The subtleties of regular expressions. Part 1: Metacharacters Inside and Outside Character Classes

Instead of intro

Anyone who has ever written a program knows that there is such a miracle in the world as regular expressions. Some cannot pass without them a step, some fear them as fire, but it is extremely difficult to imagine a modern programming language without regular expressions.

What happens when a novice programmer finds out about regular expressions for the first time? Most often, the first acquaintance with them occurs through the method of “scientific spear”, since there is no knowledge in the relevant field or understanding “how it works” usually at this stage. Why it happens?
')

It's no secret that many people recall Perl when they mention regular expressions. And for good reason! Perl is one of the few languages where regular expressions are fixed at the level of syntax, the basic constructs of the language. At the same time, Perl became famous as a language where it is very difficult to understand programs 5 minutes after writing. The abundance of one-two-character functions and variables does its job. Text looks more like a set of emoticons than a program. Especially if it uses regular expressions.
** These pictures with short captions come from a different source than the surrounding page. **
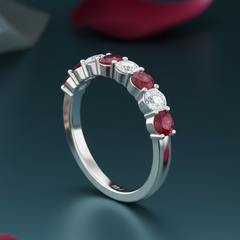 Seven Stone Ruby With Diamond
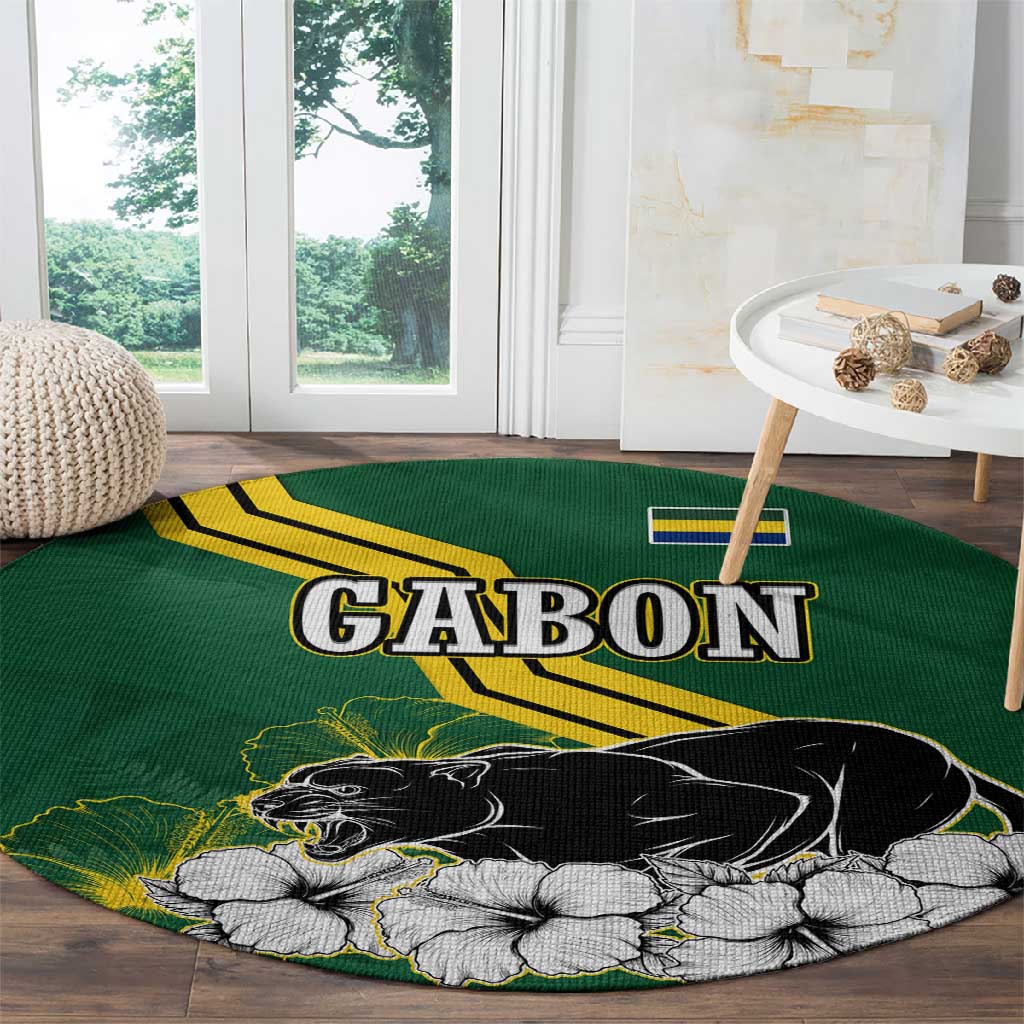Gabon Round Carpet - Black Panther Graphic and Hibiscus Flower Design in National Colors TS04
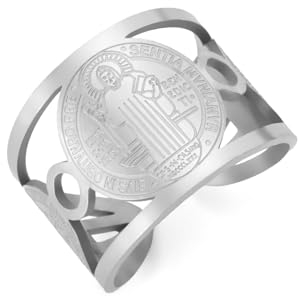 Amaxer Heiliger Benedikt von Nursia Ring für Frauen Edelstahl religiöser offener verstellbarer Fingerring Schmuck Geschenke (Silber)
But I seem to have deviated from the topic, never having had time to begin. So, I will assume that you already know what regular expressions are and why they are used. Let's move on to more interesting things.

Regular Expression Dialects

Historically, regular expressions were originally (and still are) developed without strict standardization. Of course, this gave rise to many discrepancies in syntax and semantics. At the moment, the syntax of regular expressions is very similar, one can even say close, but there are still differences.

Of course, in such an important matter as standardization has not been without the omnipotent POSIX. Especially since regular expressions originate in the unix environment.

POSIX describes the syntax and semantics of regular expressions. There are two main standards: POSIX BRE (Base Regular Expressions) and POSIX ERE (Extended Regular Expressions). They differ, as the name implies, in that the second standard extends the first. I will not describe in detail what is included in each of the standards, and especially the semantics of what is included in them, since this can always be seen in Wikipedia. I can only say that despite the fact that there are such standards, developers of regular expression engines are not in a hurry to follow them completely. Especially in semantics! And for good reason.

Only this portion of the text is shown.